Fluorine versus Hydroxyl in Supramolecular Space: Effect of Organic Fluorine in Molecular Conformation, Lattice Cohesive Energies, and Receptor Binding in a Series of α-Fluoroketones

Abstract

We examine the effect of organic fluorine in the molecular conformation and supramolecular packing in a series of α-fluoroketones in comparison to the analogous α-hydroxyketones. Crystal structures of a series of seven α-fluoroketone analogues have been analyzed using single-crystal XRD, and their crystal-packing features have been investigated using a variety of computational tools. Analysis of molecular conformations in this series of α-fluoroketone structures, along with conformational energy scans, revealed a preference for a near-antiperiplanar conformation for α-fluoroketones as opposed to a syn conformation in their α-hydroxy analogues. A quantitative analysis of intermolecular interaction motifs such as C–H···F, C–H···O, C–H···π, C–F···π, etc. in terms of interaction energies and electron density topological parameters from a QTAIM (quantum theory of atoms in molecules) approach reveal their relative strengths and distance dependence. Electron localization function (ELF) and deformation density maps bring out the electrostatic nature of weak interactions involving organic fluorine.

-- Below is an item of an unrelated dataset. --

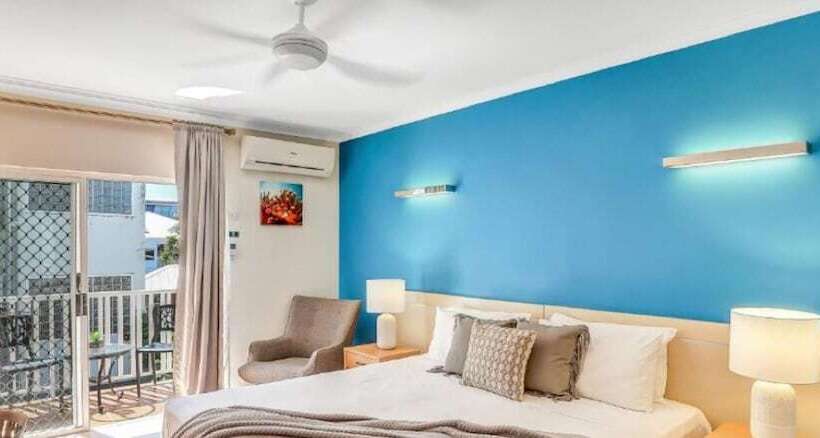 חדר סטנדרט, Coral Tree Inn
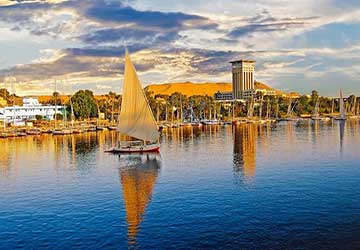 جاذبه های مصر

Lattice energy values estimated using the CE-B3LYP method show dominant contributions from dispersion in all these structures, which are around 3–4-fold higher than the electrostatic contribution. While the lattice energy values of the α-fluoroketones are found to be lower than those of their hydroxy analogues, a molecular docking study with a common protein receptor site reveals comparable docking scores for α-fluoroketones with respect to the analogous α-hydroxyketones.